En el tema de las bases militares no hay marcha atrás para Colombia, y parece que tampoco para Venezuela en la alianza con las naciones “forajidas”. ¿Cómo abordar las causas de fondo de un conflicto que seguirá latente más allá de las diligencias diplomáticas?

– Hay problemas en política que no se logran resolver de forma inmediata. Hay que darle tiempo al tiempo. La utilización de bases militares en Colombia es una decisión soberana del Estado colombiano. Yo no la comparto, pero entiendo con claridad las razones que han obligado al presidente Uribe y a su gobierno a aceptar la solicitud de los Estados Unidos. Era imposible decir que no. Hacerlo, hubiese traído como consecuencia la finalización del apoyo militar norteamericano en contra de la subversión y se hubiera comprometido de manera definitiva la política de Seguridad Democrática. Imaginarse un cambio en esa política, requeriría el establecimiento de un nuevo régimen en Colombia y la superación del problema de la narcoguerrilla. Algo que no se visualiza de manera inmediata. La alianza con las naciones que han empezado a llamarse “forajidas”, por su actitud irrespetuosa al derecho Internacional y a las decisiones de la Naciones Unidas, es una realidad en la política exterior del régimen chavista.
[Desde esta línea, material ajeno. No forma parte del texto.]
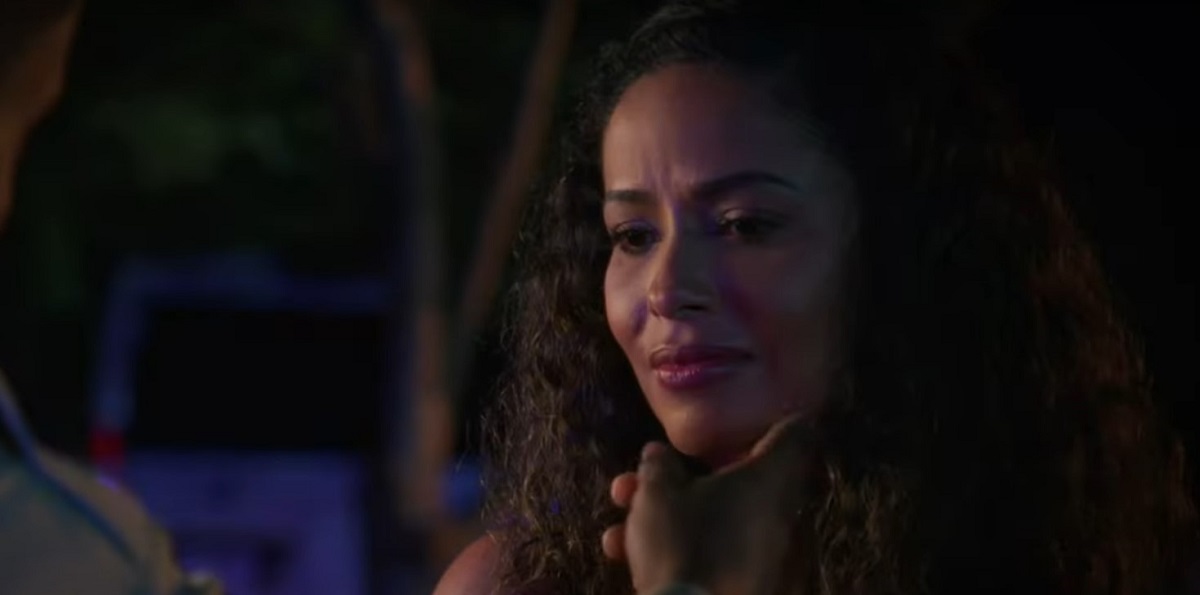 Is Lifetime’s Stalked by Her Past Based on Real Life?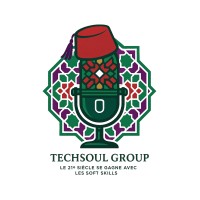 TechSoul Group (E.K.) logo - Similar company to Tech & Team Synergy
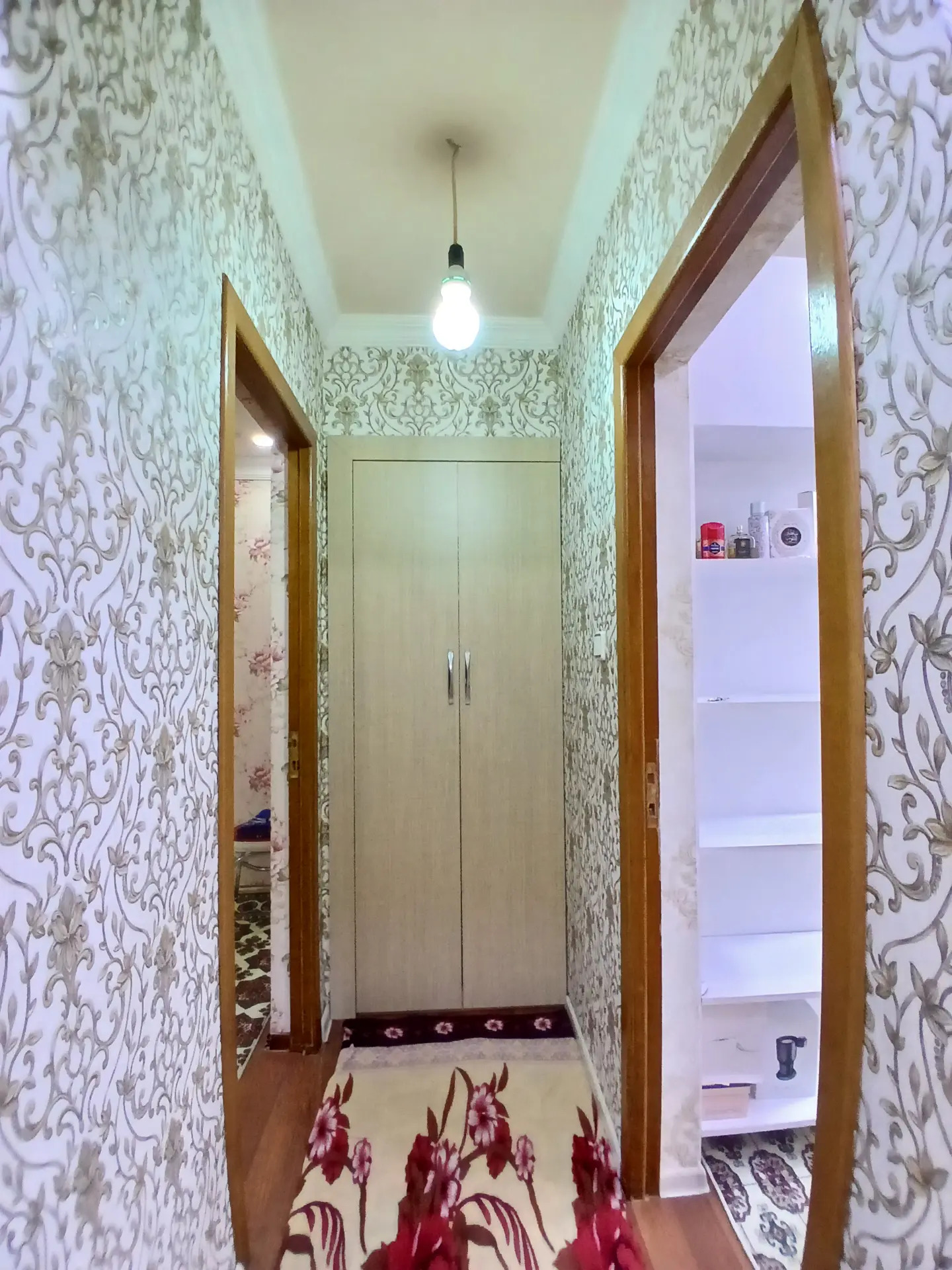 ☆ 11-mikr 2-komnat 1-etaz ☆ - 11 мкр - img 4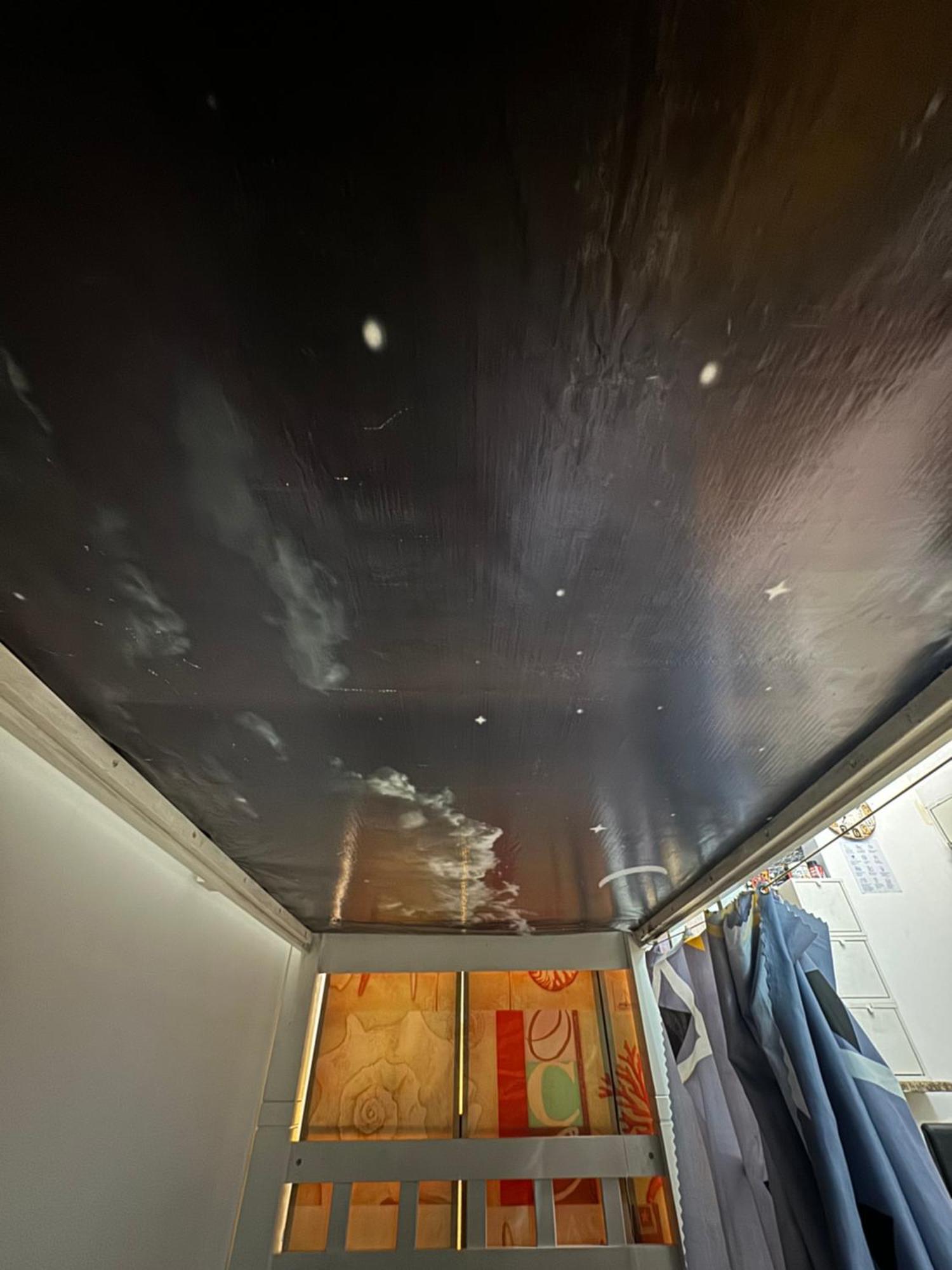 Hostel Backpackers Dubai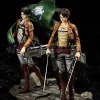 Hobbymax Studio – Attack on Titan Eren 1/7 Complete Figure - Photo 5 | TopGKStore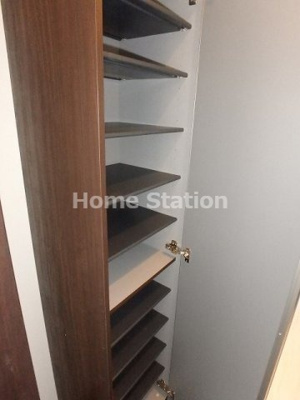 【玄関】 | キャレ御幣島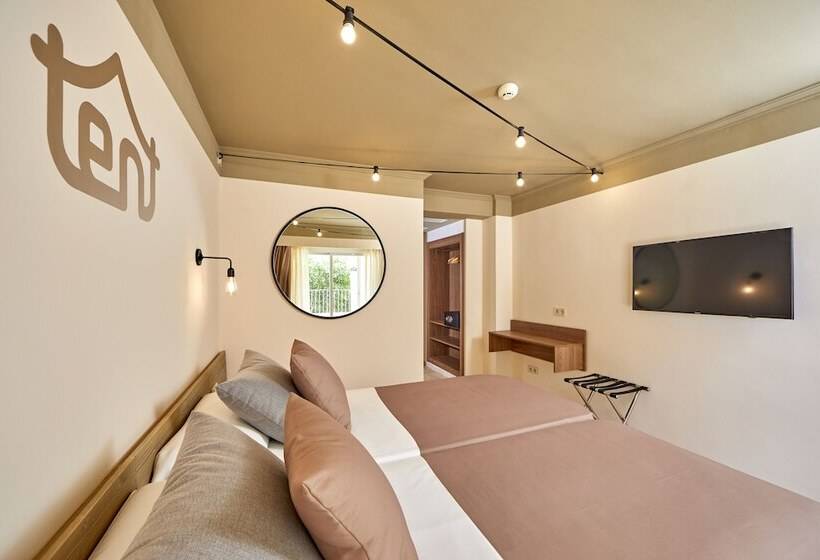 فندق tent Capi Playa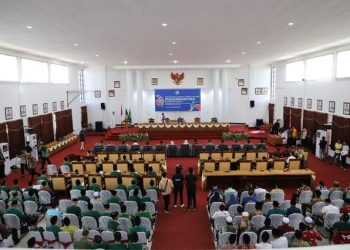 Musypimwil Muhammadiyah Kalteng Resmi Dibuka Wagub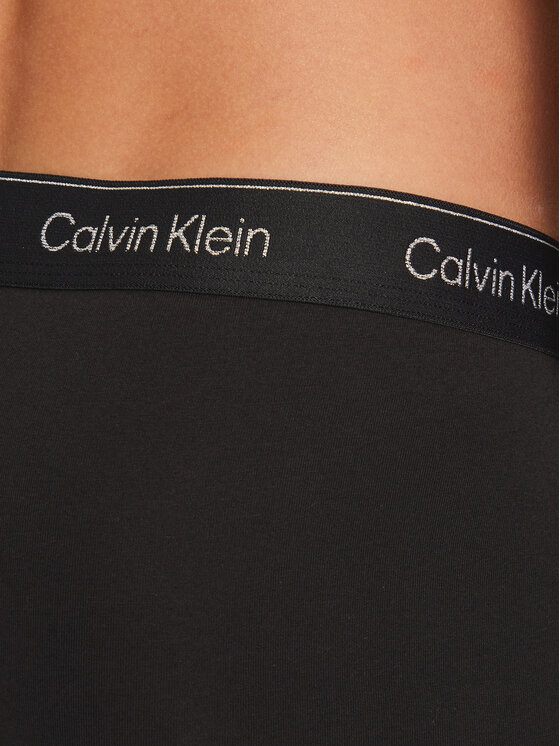Calvin Klein Underwear Calvin Klein Underwear Bokseru komplekts 000NB4077A Daudzkrāsains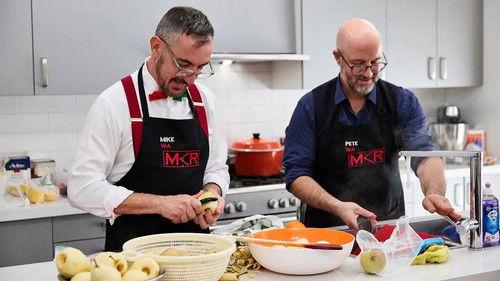 My Kitchen Rules Season 14 Episode 10 - Episode 10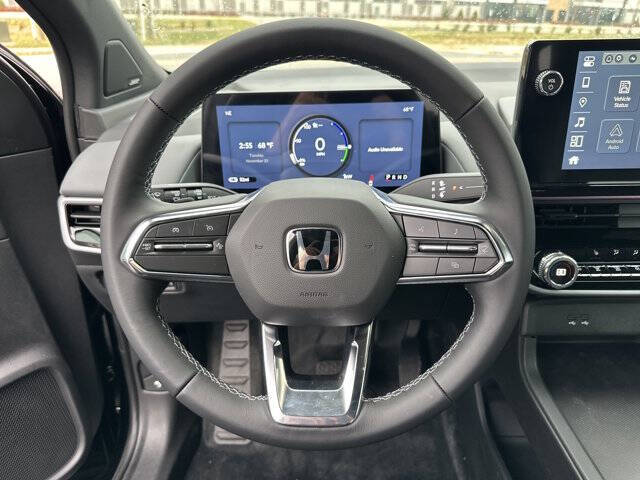 2026 Honda Prologue Touring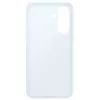 Samsung EF-PA576CLEGWW mobile phone case 17 cm (6.7 inch) Cover Light Blue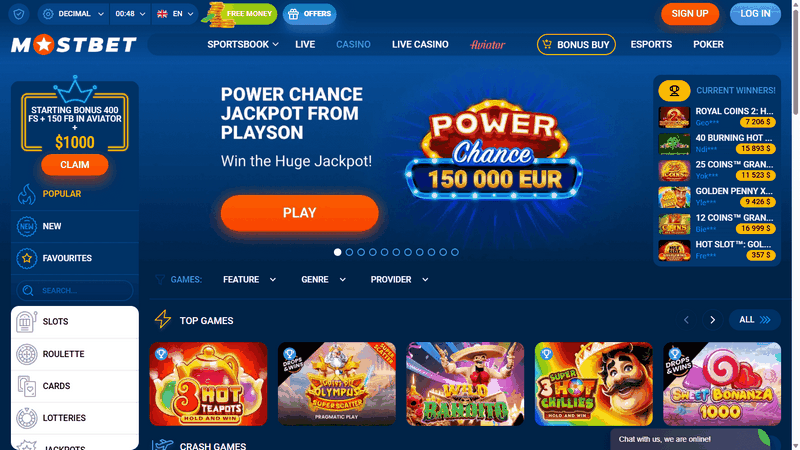 Обзор букмекерской конторы Mostbet Обзор букмекерской конторы Mostbet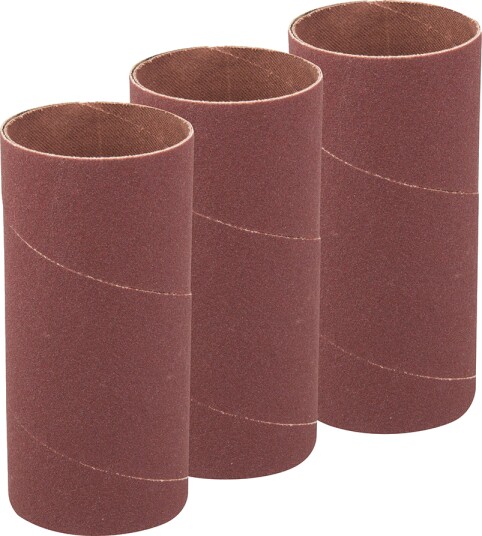 76mm slipehylstre til triton TSPS 450 Spindelpudser Korn P240 76mm slipehylstre til triton TSPS 450 Spindelpudser Korn P240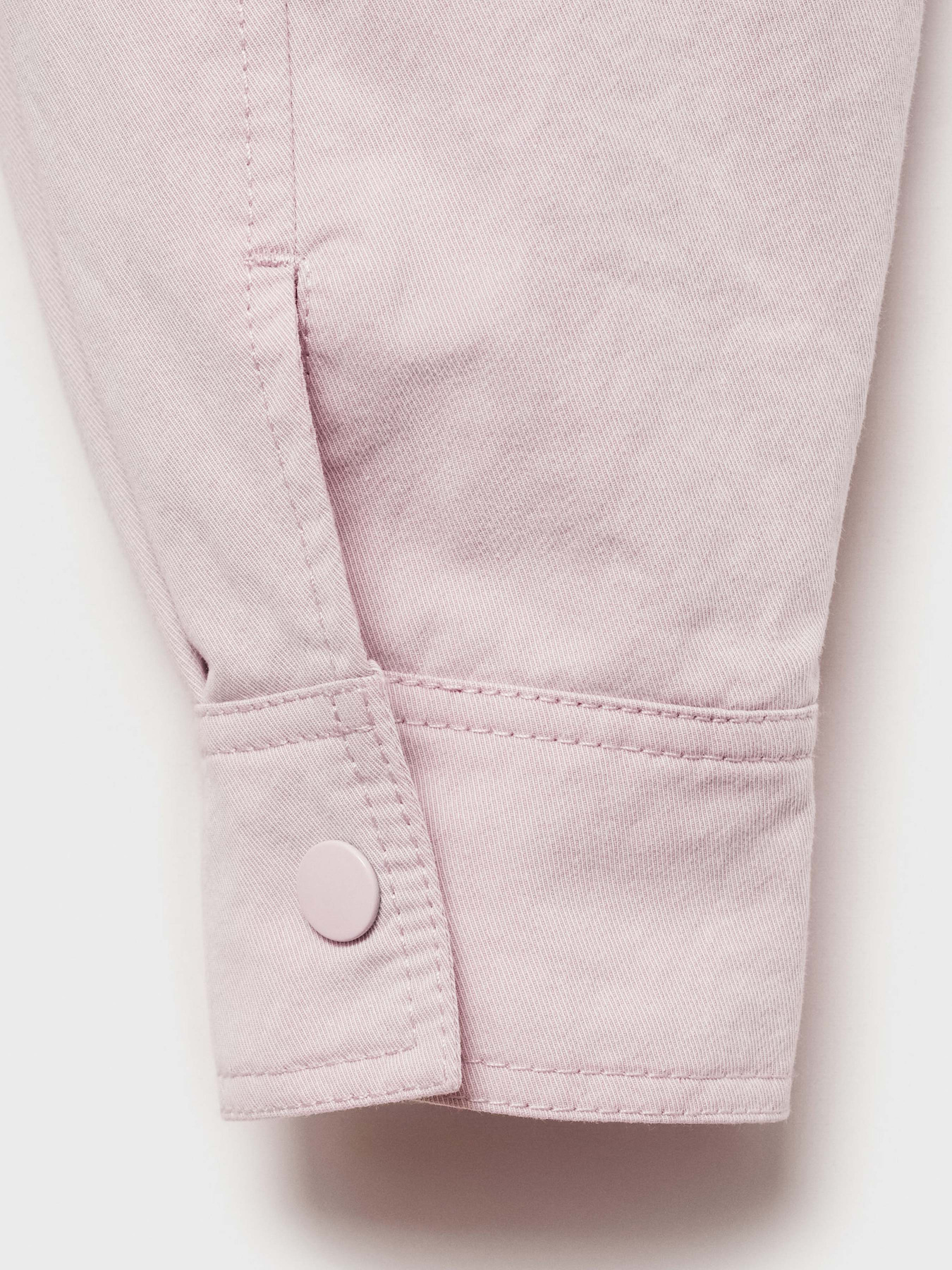 Жакет MANGO модель 87082537_61 Фото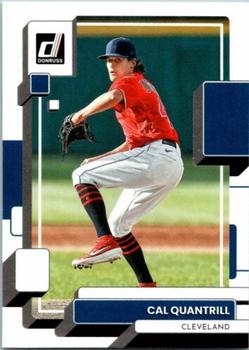 Cal Quantrill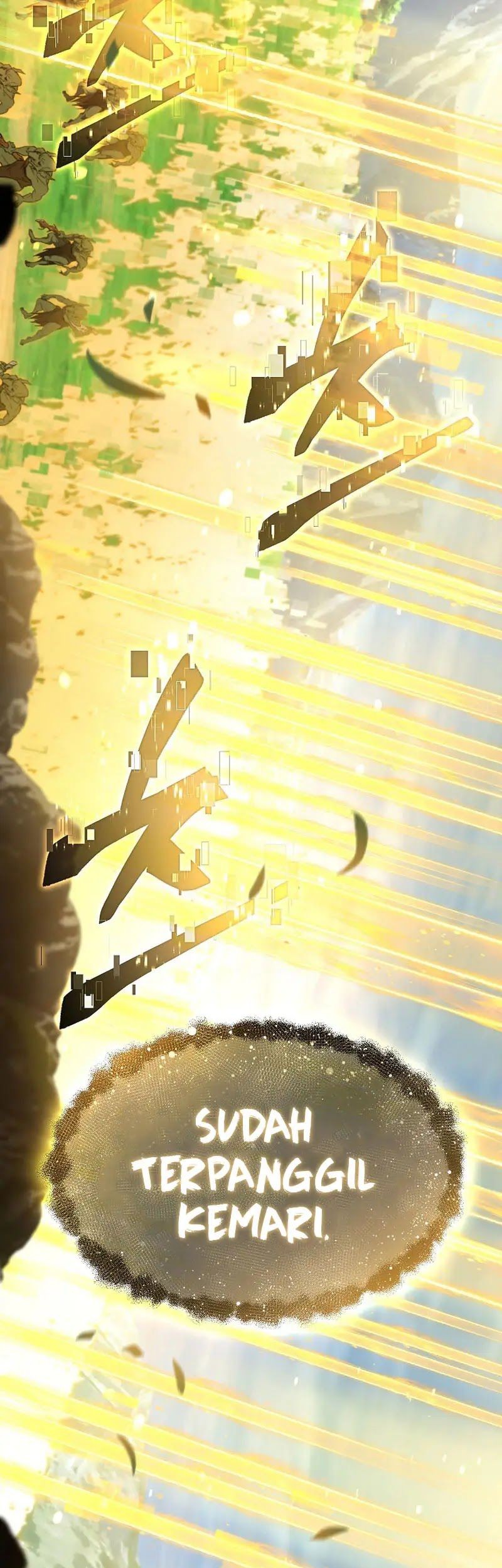 The 100th Regression Of The Max-Level Player Chapter 01 Gambar 131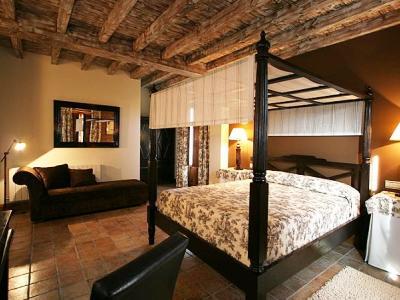 Hotel Posada La Robleda (Adults Only) Arnuero Kültér fotó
Mientras Hugo Chávez esté en el poder no habrá rectificación.

¿El estamento militar apoyaría incondicionalmente una estrategia guerrerista que tiende a profundizarse en el tiempo?

– Pienso que no. Los militares, en general, no aman la violencia. Conocen sus efectos y por eso la evitan. También es cierto que en las Fuerzas Armadas, por razones de su formación, tienen firmes valores nacionalistas. Es posible que ellos sigan una política guerrerista, si además se plantean al mismo tiempo otros problemas: reclamos territoriales, amenazas a la soberanía, resentimientos históricos etc. La pregunta que tenemos que hacernos es si, en este momento, existen esas dificultades en nuestro país. La respuesta es no. Los retos venezolanos son en otro orden: lograr un crecimiento sustentable de nuestra economía, que nos prepare para la sociedad post petrolera; producir un importante avance social y cultural en nuestro pueblo; superar el problema de la falta de vivienda, hospitales, escuelas, carreteras, ferrocarriles, etc. En fin, un verdadero programa de crecimiento económico.